2. Background and Facts

2.1 The Incident

The complainant, a Spanish national working as an escort, was booked by an agency to attend the applicant’s address on 7 April 2023. She was driven there by an agency driver, who remained outside. The complainant’s anonymity is protected under the Sexual Offences (Amendment) Act 1992.
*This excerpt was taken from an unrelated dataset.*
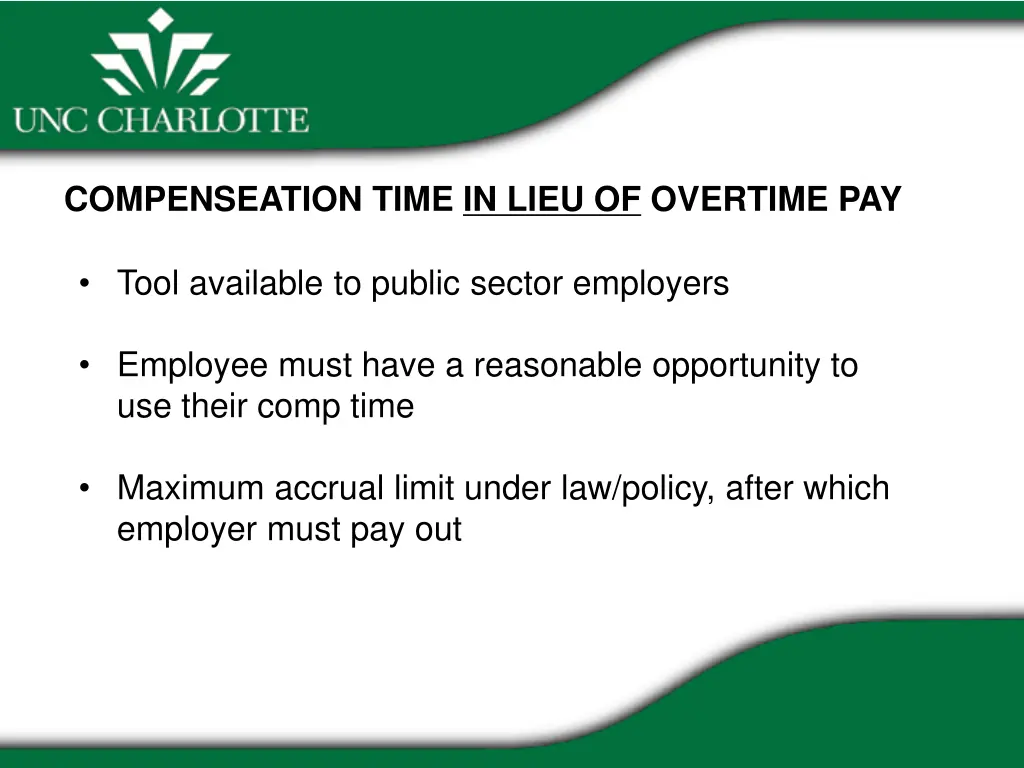 compenseation time in lieu of overtime pay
Key features of the facts (paras 5–10) include:

  • The applicant repeatedly asked her age and commented he “really liked young girls”.
  • He led her into a dark, apparently derelict flat, stating there was no light.
  • After some preliminary conversation, and despite her clear anxiety and attempt to leave (“I left something in the car”), he:
    • Pushed her against a wall and ripped her one-piece outfit.
    • Penetrated her vagina with his fingers against her will, despite attempts to resist.
    • Pushed her to the floor, continuing the assault and placing his hand on her throat, amounting to intentional strangulation.
  • She tried to call her agency, screamed for help, and managed to open the flat door.
  • The applicant pulled her back by her hair and jacket on the stairs as she tried to flee; she eventually escaped and ran down the stairs.
  • Later, after seeing him leave the block, the complainant struck him in the face with a perfume bottle.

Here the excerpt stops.